2012年8月23日木曜日

書評『原発を拒み続けた和歌山の記録』


『原発を拒み続けた和歌山の記録』
汐見文隆 監修 「脱原発わかやま」編集委員会 編
寿郎社/1500円+税


若狭湾に集中して原発は設置された。それに対してバランスをとるために関西電力は紀伊半島に目をつけ、和歌山県内に5カ所の候補地をあげて、動きだしたのは1967年だった。しかし結果的には1カ所も成立しなかった。和歌山県だけでなく、三重県にも原発はなく、紀伊半島には原発はゼロのまま2005年に「電源開発促進重要地点」の指定がすべて外れたのだった。

候補地住民は確かによく闘って悪魔の爪から逃れることができたが、他の県と比較してうまくいった、と宣伝した内容の報告ではない。読後の感想としては、いくつかのいい要素が重なったり、幸運に恵まれたりして、辛くも逃れえたことのレポートと思う。一旦国策として取り上げられたものを覆すことは、まず不可能なほどのことだ。それを成し遂げた感想として日高町「原発に反対する女の会」の鈴木静枝さんが、「…原発というのは禁句でして、うっかり言っては平和を掻き乱すような言葉になってしまうので、もうその話題は皆避けるようにしています。やっぱり私らの喧嘩した年代が死んでしまわない限り、その傷痕というのはとれないだろうと思いますね。」と言っている。反対か、賛成か、であらゆる関係が切断された壮絶な闘いが偲ばれる。

フクシマでも、県外に移住した人と、現地にとどまっている人との間に、反目のようなものが生まれてきているということを聞く。原発は放射能を降りそそぐだけではなく、設置以前からさまざまなものを切り裂く魔物なのだ。
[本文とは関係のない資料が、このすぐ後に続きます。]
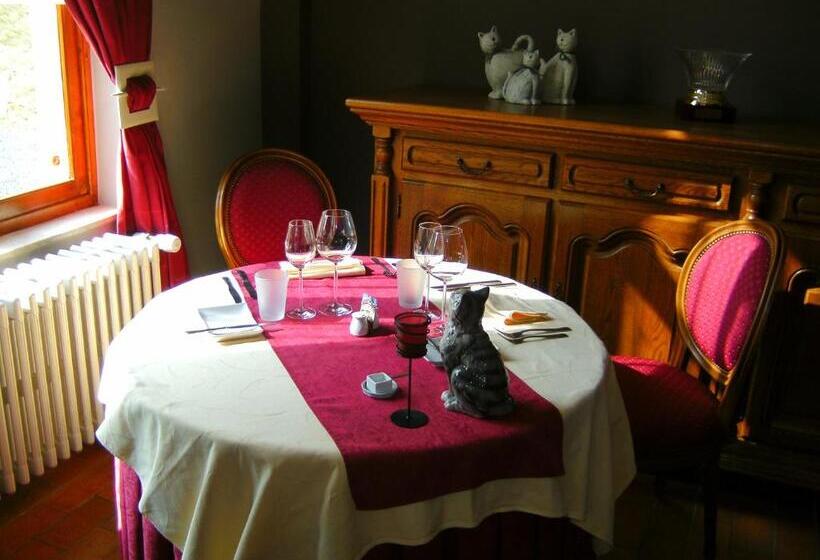 B&b Le Petit Normand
狙われたのは、那智勝浦の太地町、古座町、日置川町、日高町(小浦と阿尾)で、関西電力が仕掛けた攻勢は他のところと同じく凄まじいものだった。首長はご多分に洩れずすぐ国策に靡く。どの候補地でも何度となくもうダメか、という崖縁に立たされている。いくつかの成功の要因に、早くからこれ以上電力需要は伸びないから、原発は不要と警鐘を鳴らした地元の勉強家がいたこと。和歌山にごく近くの熊取に京大原子炉実験所があり、あの小出先生らの「熊取六人衆」が手弁当同然で講義にきてくれたこと。スリーマイル島の事故、チェルノブイリ原発事故発生報道がそれまでの「安全神話」を揺るがしたこと。賛否両論あった漁協もよくふんばり、女たちの「美しい海と子どもを守ろう」の強い意思と学習の継続。これらは大なり小なりどの候補地でも同じような抵抗となって現れた。それがここでは僅差で功を奏したのだといえそうだ。

「国策」という企みはいつどこに、どういう形で私たちに降りかかってくるかわからない。原発はもう作られないから安心だとは言えない。現に、日置川町の関電が取得した広大な土地は手放されていない。「使用済み核燃料の中間貯蔵施設」にされるのでは、と警戒を解いていないと。この報告書は、国家からの巨大な災厄に立ち向かうための指南書たり得ると思われるので、一読をお薦めしたい。